Gokyo, l’immobilisation n°5, n’existe donc pas en tant que technique spéciale, sui generis si l’on veut parler latin. Ce que la modernité a appelé gokyo appartient en réalité à la sphère d’ikkyo - dont elle a les caractéristiques - et donc à la Première Loi.
J’ajoute au passage que la même démonstration vaut pour la "sixième immobilisation" (rokkyo), que l’Aikido moderne a inventée plus récemment en débaptisant la technique connue sous le nom d’hiji katame, augmentant ainsi encore la confusion dans l’esprit des pratiquants (il faut bien remplir les catalogues d’examen n’est-ce pas ?). Rokkyo n’existe pas davantage que gokyo. Tout comme gokyo, hiji katame obéit au principe d’ikkyo (le nom d’ailleurs l’exprime parfaitement qui veut dire bloquer le coude). Il s’agit donc là aussi de la Première Loi.
En conclusion, je voudrais faire réfléchir au constat suivant, qui a une grande importance quant à la compréhension du système technique de l’Aikido. Pour illustrer un principe, il faut à un moment donné qu’une technique le fasse.

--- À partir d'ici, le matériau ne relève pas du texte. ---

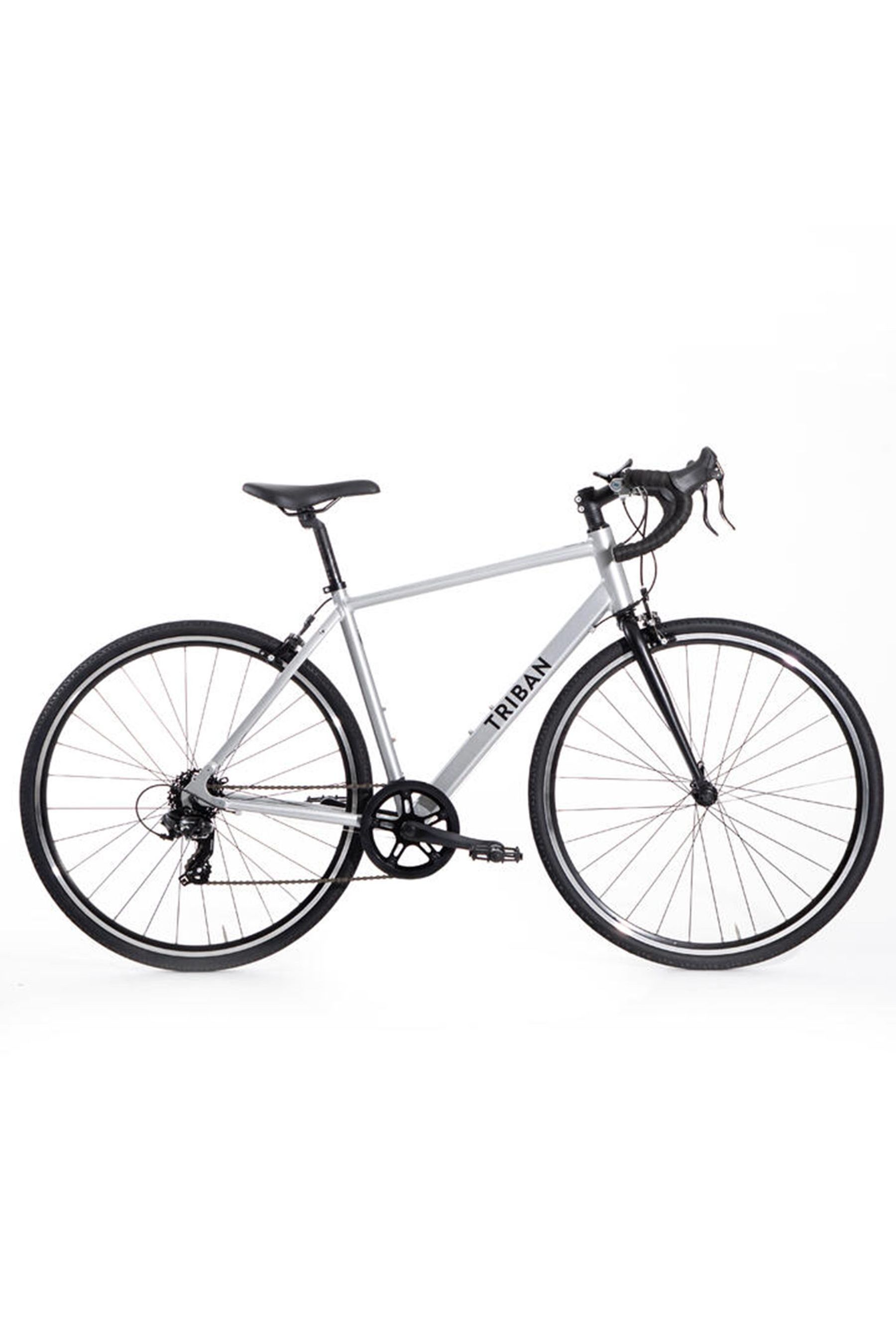 Decathlon racing bike cheap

La technique qui illustre le principe de la manière la plus démonstrative est celle qui s’impose naturellement en tant que référence. Pour ce qui concerne le principe d’ikkyo, la technique qui l’illustre parfaitement est shomen uchi ikkyo, c’est pour cette raison qu’elle est devenue le symbole d’ikkyo. Et toutes les références à ikkyo se sont dès lors faites par rapport à cette image. Mais bien d’autres images auraient pu servir qui participaient du même principe (et notamment celle que nous appelons improprement "gokyo").

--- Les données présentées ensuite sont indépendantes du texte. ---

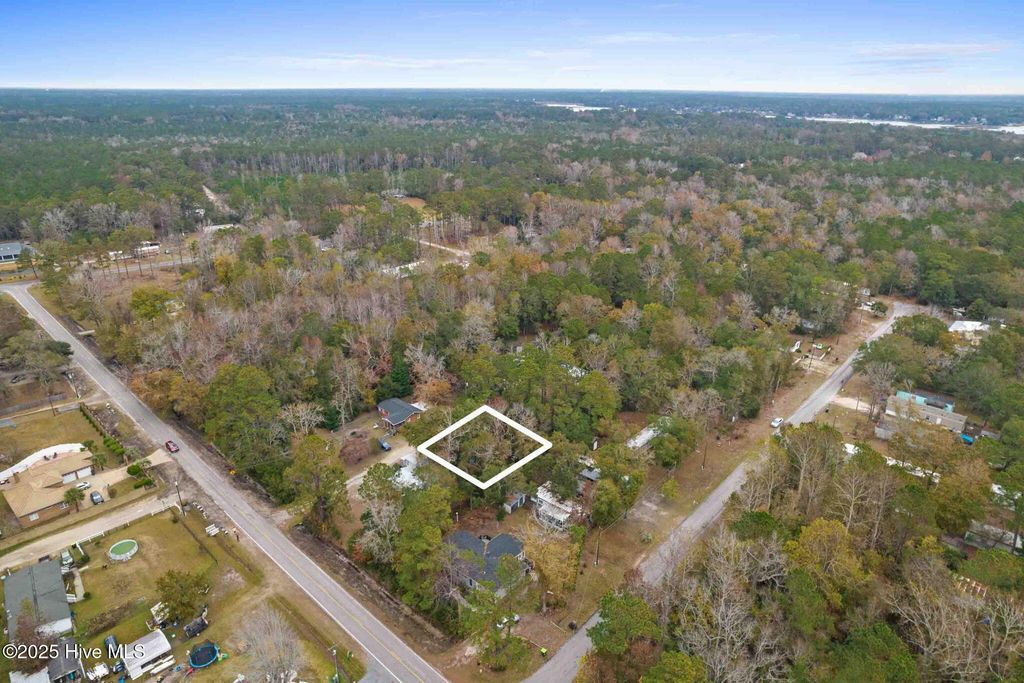 Photo of 4279 Bobby Lane SW, Shallotte, NC 28470 (MLS # 100525500)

Il ne faut donc pas considérer les techniques de manière individuelle, mais en tant qu’elles appartiennent à un ensemble référent qui les organise autour d’un principe commun. Ces ensembles référents sont au nombre de quatre. Il n’y a pas de cinquième ensemble, gokyo appartient à l’ensemble d’ikkyo, c’est une expression parmi tant d’autres de la Première Loi (Ippō) :
Et c’est pourquoi le Fondateur de l’Aikido utilisait cette appellation quand il parlait de la technique que John Stevens, et tout l’Aikido moderne avec lui, appellent désormais "gokyo", perdant ainsi la possibilité d’accéder au plan qui structure l’Aikido, et qu’O Sensei avait lui en permanence devant les yeux.